(Given data begins)

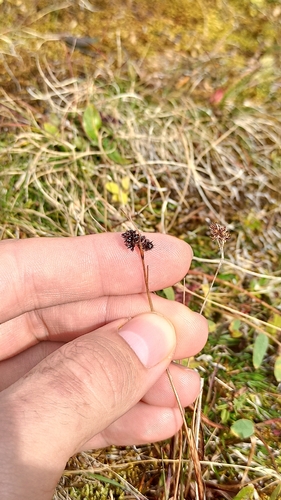 Luzula multiflora, photograph 4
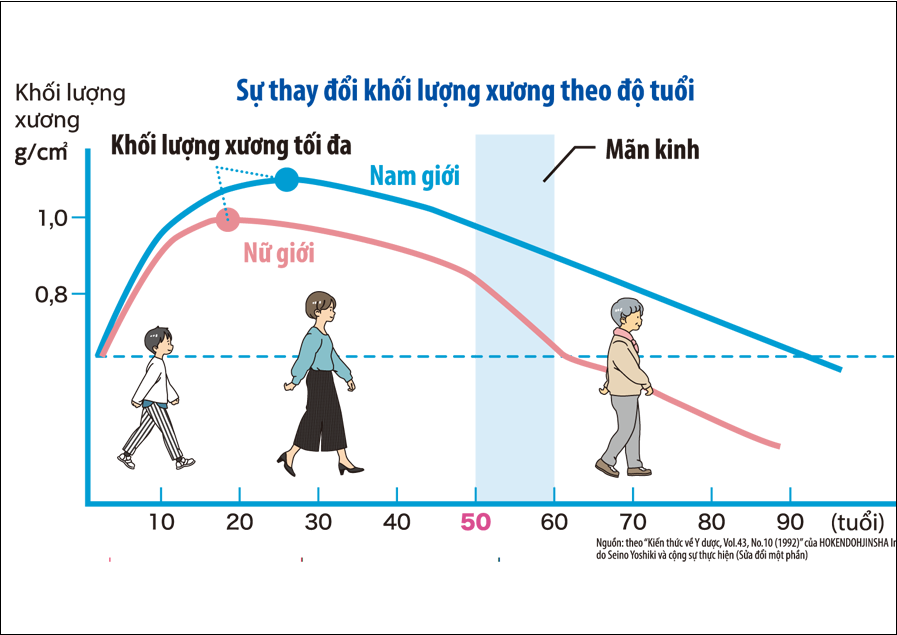 Khối lượng xương (Bone Mass)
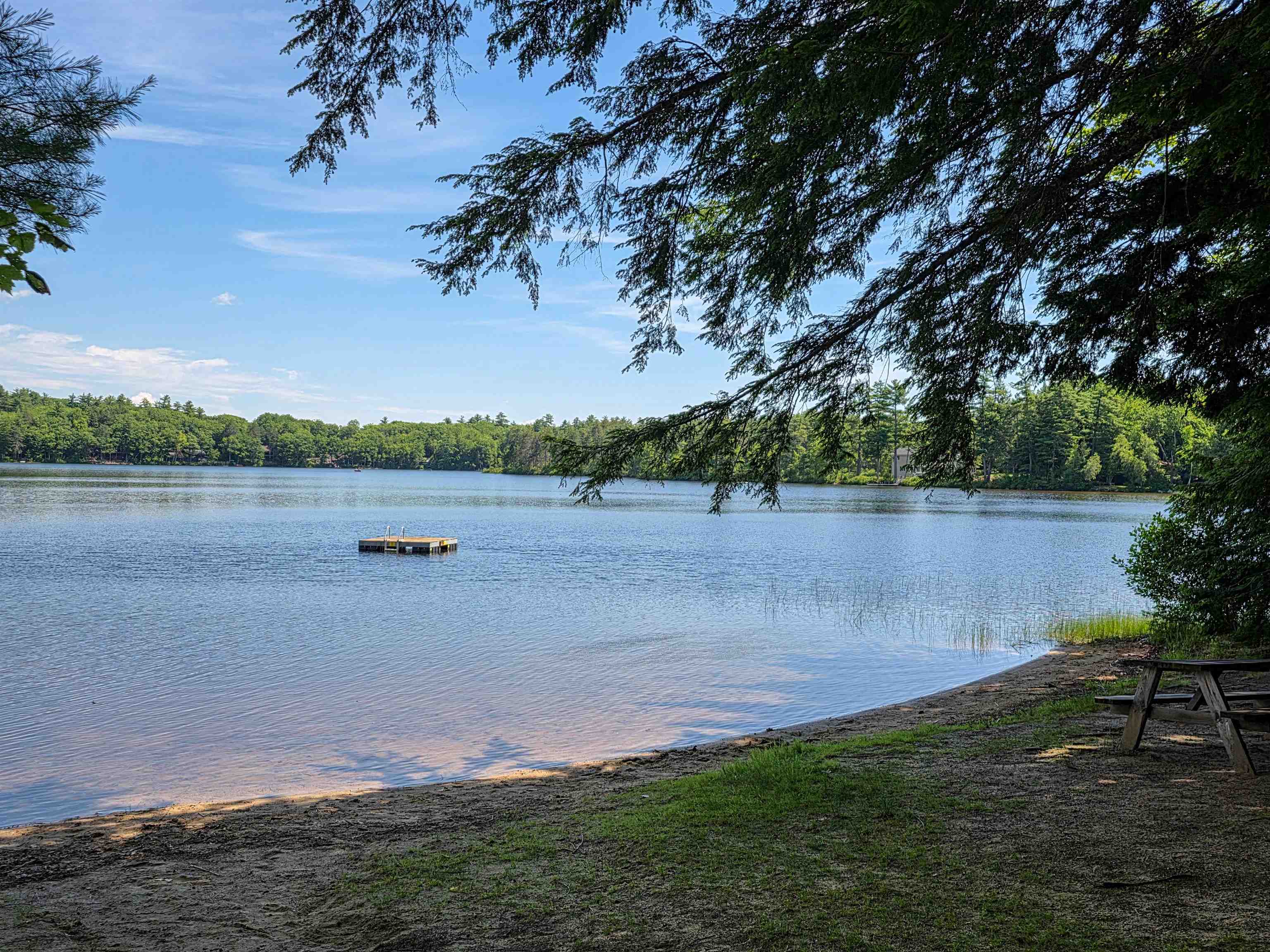 Calm lake and forested shore viewed from a sandy beach, with a floating dock and picnic table.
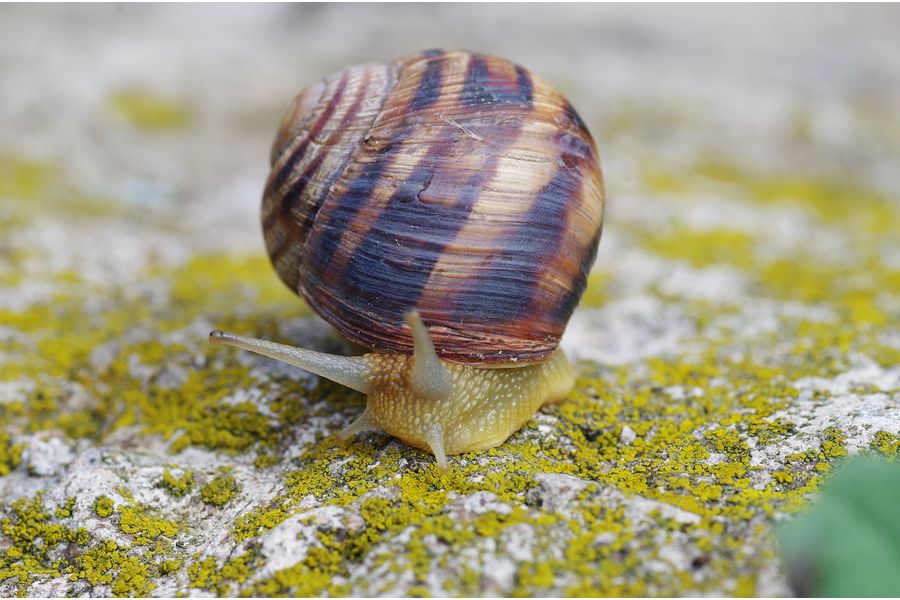 Tamron SP AF 90mm f/2.8 Di Macro в упаковке Pentax K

(Given data ends)

- Work order -
The expected output is the full data above, reproduced exactly with no images.

- Output below -
 Luzula multiflora, photograph 4
 Khối lượng xương (Bone Mass)
 Calm lake and forested shore viewed from a sandy beach, with a floating dock and picnic table.
 Tamron SP AF 90mm f/2.8 Di Macro в упаковке Pentax K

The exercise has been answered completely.